Details About the Injury and Decision for Surgery
Included in the Canadiens announcement of Weber’s pending surgery was a statement from the team’s orthopedic surgeon, Dr. Paul Martineau.
Following the diagnosis of Shea Weber’s injury, it was our belief that after a comprehensive rehabilitation protocol under the guidance of our medical team, Shea would be able to return to play this season. Unfortunately, after extensive efforts to heal Shea’s injury, progress has not been made as expected.
After further exams, and a consultation on Wednesday in Green Bay, Wisconsin with specialist Dr.

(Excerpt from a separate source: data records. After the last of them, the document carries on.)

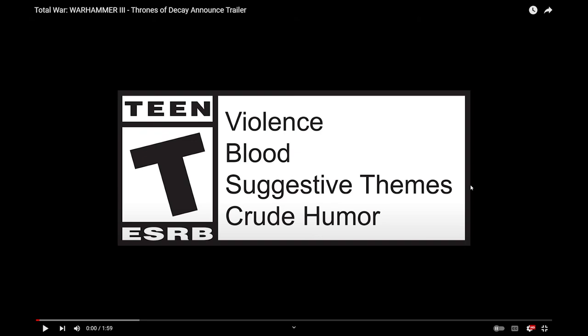Hello everyone, I'm Tequila Sunset, and today CA put out their trailer for Thrones of Decay. So we're gonna do the whole CSI thing and try to look through and see what's what. Let's get this started.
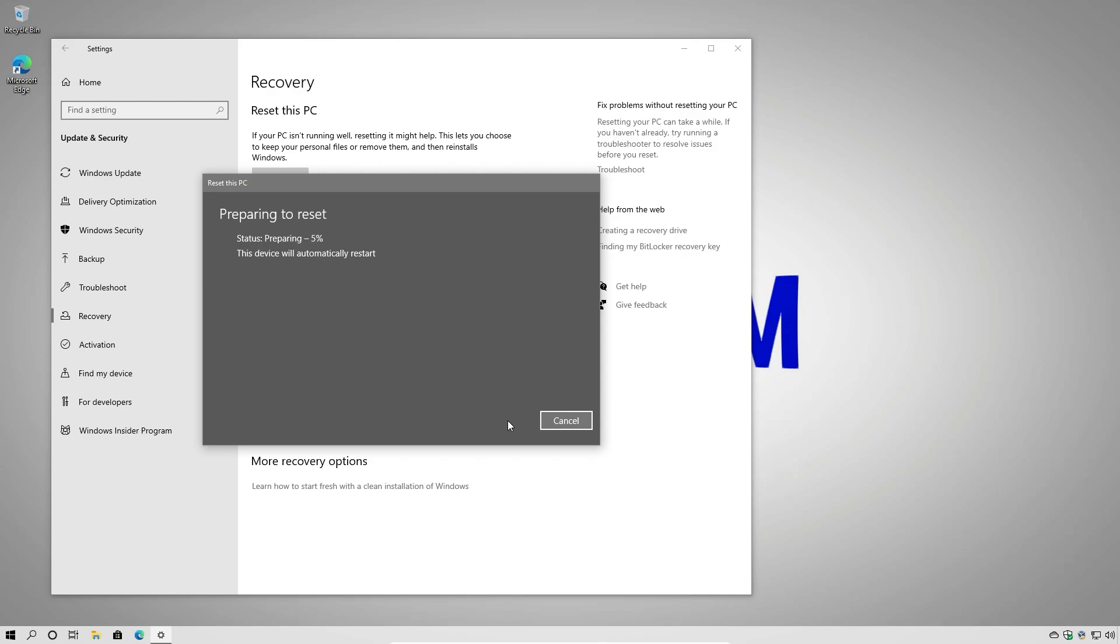This process will take some time. How long it takes will depend on the speed of your computer. If you chose to do a cloud install it will also take your internet speed into consideration as well because it'll need to download several gigabytes worth of data.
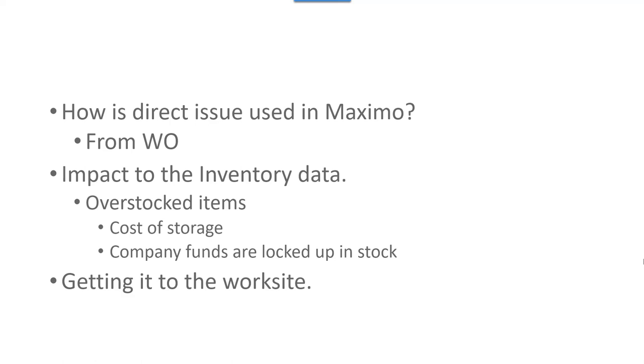Direct issue items are normally started within the work order. Basically, you're planning a project and you decide what materials you need. They could be non-standard items, they could be materials, they can be standard stock items.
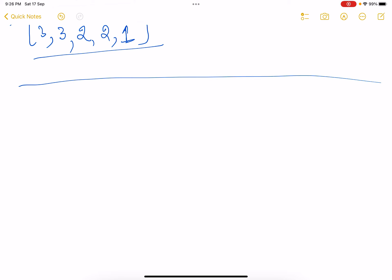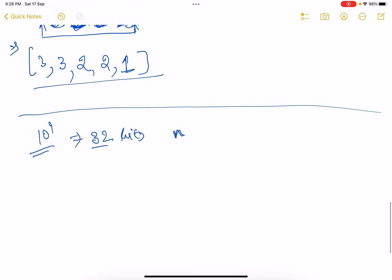Now let's think about the solution. The numbers can go up to 10^9, so there can be at most 31 or 32 bits in each number. What we can do is take an array of size n × 32, because for all n numbers we have 32 bit positions (0 through 31). We can use something like a prefix sum approach applied to the bit representation of each number.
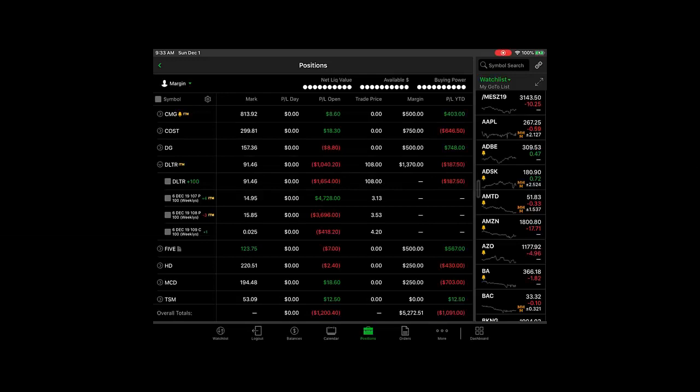In this video we're going to demonstrate how to exercise an option on thinkorswim mobile. I had an earnings trade that went against me and I've been assigned 100 shares of Dollar Tree, so I need to close out of a long position and flatten this assignment.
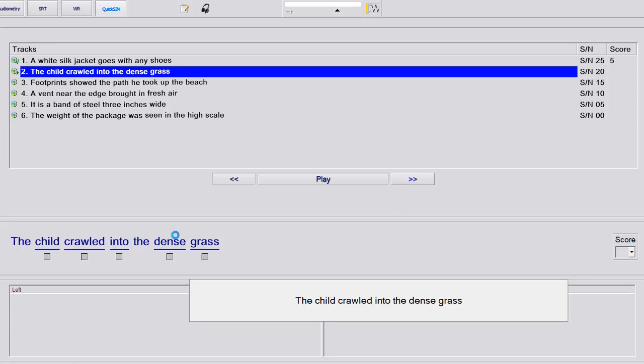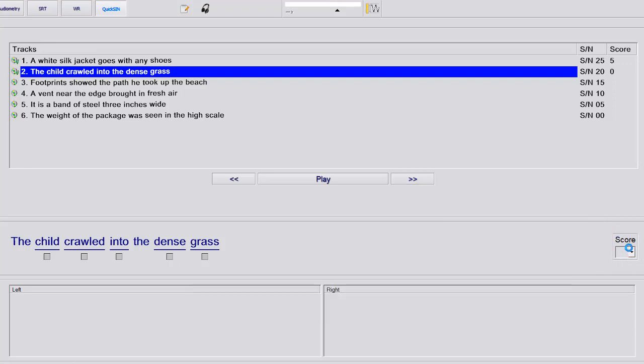Or you have a drop down here on the right hand side where it says score, and you can just drop down and select how many they got correct, and then hit the next button here.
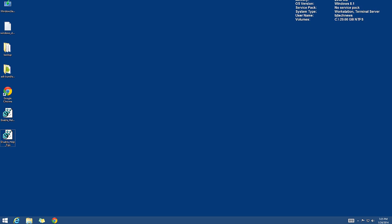Hey guys, welcome back to BTNHD. In Windows 8.1, believe it or not, I found out that you are able to use the Chrome OS desktop mode within this operating system, which is pretty awesome.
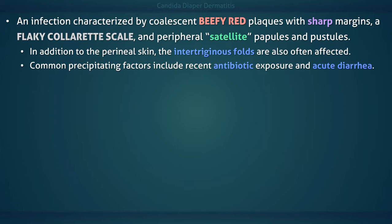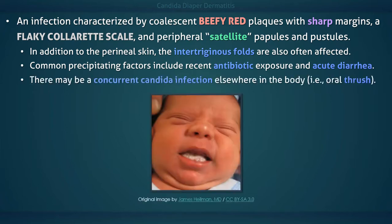Common precipitating factors include recent antibiotic exposure and acute diarrhea. There may be a concurrent Candida infection elsewhere in the body, such as oral thrush or Candida perinacea.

Robert Anderson, and with Shea’s approval, it has been determined that he should undergo surgery and will be out for the reminder of the season.
Our medical group will work with Shea to ensure he is pursuing the best course of treatment moving forward, and we expect him to make a full recovery and be ready for the start of training camp next season. The length of his recovery will be determined following surgery, which will be performed by Dr. Anderson.
While Weber played 26 games this season, there is belief that he suffered his injury in Canadiens very first game of the season against the Buffalo Sabres. Though he was able to tough out the pain for part of the season, the injury was simply too much for Weber or the Canadiens’ medical staff to justify his participation in games.
A Big Loss for Montreal
For the Canadiens, the loss of Weber is as big a loss as it gets. The 32-year-old blueliner has been among the best players at his position in the league for over a decade after he was selected with the 49th pick in the storied 2003 NHL Entry Draft.
A controversial trade that saw fan-favorite defender P.K. Subban dealt to the Predators in a one-for-one swap has created an extra narrative around Weber’s time in Montreal, but that shouldn’t overshadow the player that he is and has always been in the NHL. At 6 foot 4 and 230 pounds, Weber’s size, booming slap shot and experience in the league makes him as fearsome an opponent as it gets in the NHL.
Beyond this season, Weber still has another eight seasons under contract with the Canadiens with an annual cap hit of $7.857 million a year; one of the heftier contracts for a player in NHL history.